Esas No: 2022/2231
Karar No: 2022/1665
Karar Tarihi: 24.11.2022
BAM Hukuk Mahkemeleri İstanbul Bölge Adliye Mahkemesi 12. Hukuk Dairesi 2022/2231 Esas 2022/1665 Karar Sayılı İlamı
Özet:
İhtiyati haciz talebiyle ilgili olarak başlatılan dava, İstanbul 5. Asliye Ticaret Mahkemesi'nde görülmüştür. Davacı tarafından sunulan faturalarla ispat edilen alacağın muaccel olması ve rehinle temin edilmemiş olması dikkate alındığında, mahkemece ihtiyati haciz talebi reddedilmiştir. Davacı vekili, bu kararın ardından hukuka ve usule aykırı olduğunu, ispat düzeyini aşan delillerin mevcut olduğunu ileri sürerek itiraz etmiştir. Ancak, yapılan inceleme sonucunda ihtiyati haciz talebi için yeterli delil olmadığından istinaf başvurusunun reddine karar verilmiştir.
Kanun maddeleri:
- İİK 257/1: Rehinle temin edilmemiş ve vadesi gelmiş bir para borcunun alacaklısı ihtiyati haciz talebinde bulunabilir.

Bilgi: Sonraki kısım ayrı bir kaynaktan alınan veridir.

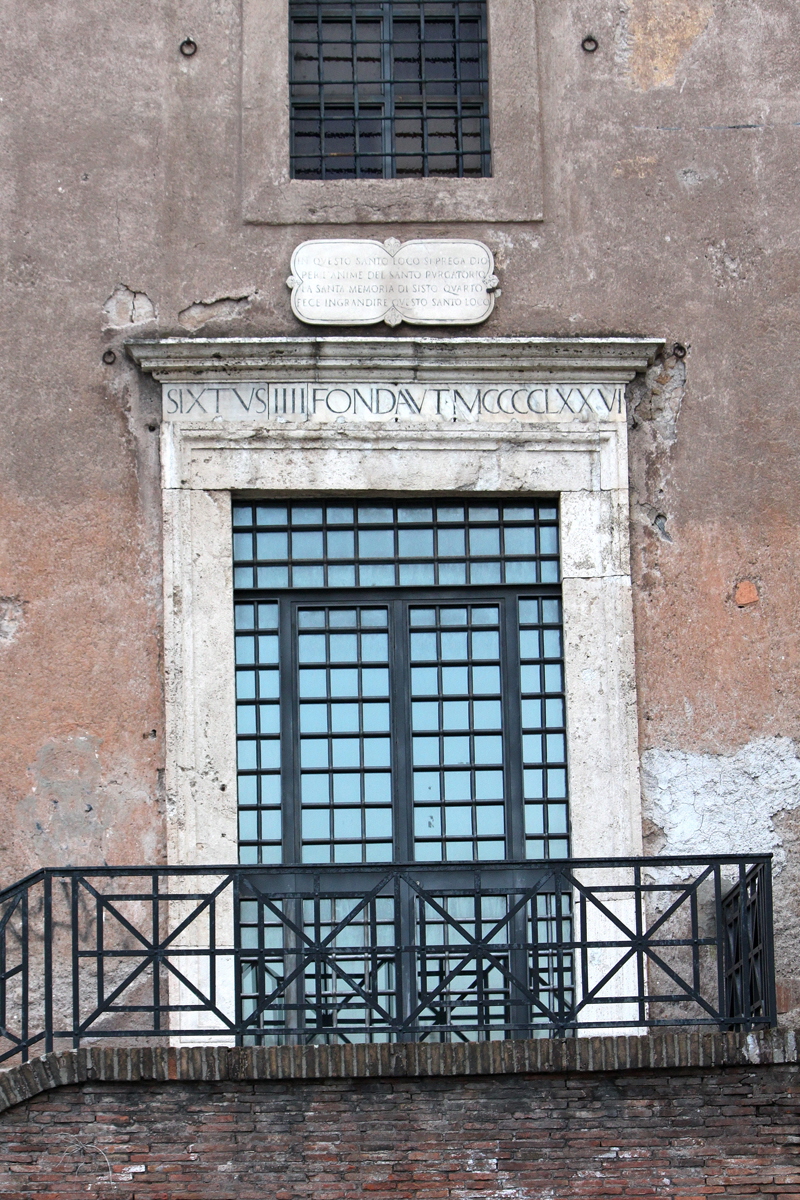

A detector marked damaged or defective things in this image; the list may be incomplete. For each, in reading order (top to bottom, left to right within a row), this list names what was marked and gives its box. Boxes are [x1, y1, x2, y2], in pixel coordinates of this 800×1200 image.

- İİK 258/1: İhtiyati haciz kararı verilebilmesi için alacaklı, alacağı ve icabında haciz sebepleri hakkında mahkemeye kanaat getirecek delilleri göstermeye mecburdur.
T.C.
İSTANBUL
BÖLGE ADLİYE MAHKEMESİ
12. HUKUK DAİRESİ
DOSYA NO: 2022/2231
KARAR NO: 2022/1665
T Ü R K M İ L L E T İ A D I N A
İ S T İ N A F K A R A R I
İNCELENEN KARARIN
MAHKEMESİ: İSTANBUL 5. ASLİYE TİCARET MAHKEMESİ
TARİHİ: 14/11/2022
NUMARASI: 2022/741 Esas
TALEP: İhtiyati Haciz
İSTİNAF KARAR TARİHİ: 24/11/2022
İhtiyati haciz talebinin reddine ilişkin 14/11/2022 tarihli ara kararın davacı vekili tarafından istinaf edilmesi üzerine dosya kapsamı incelenip gereği görüşülüp düşünüldü.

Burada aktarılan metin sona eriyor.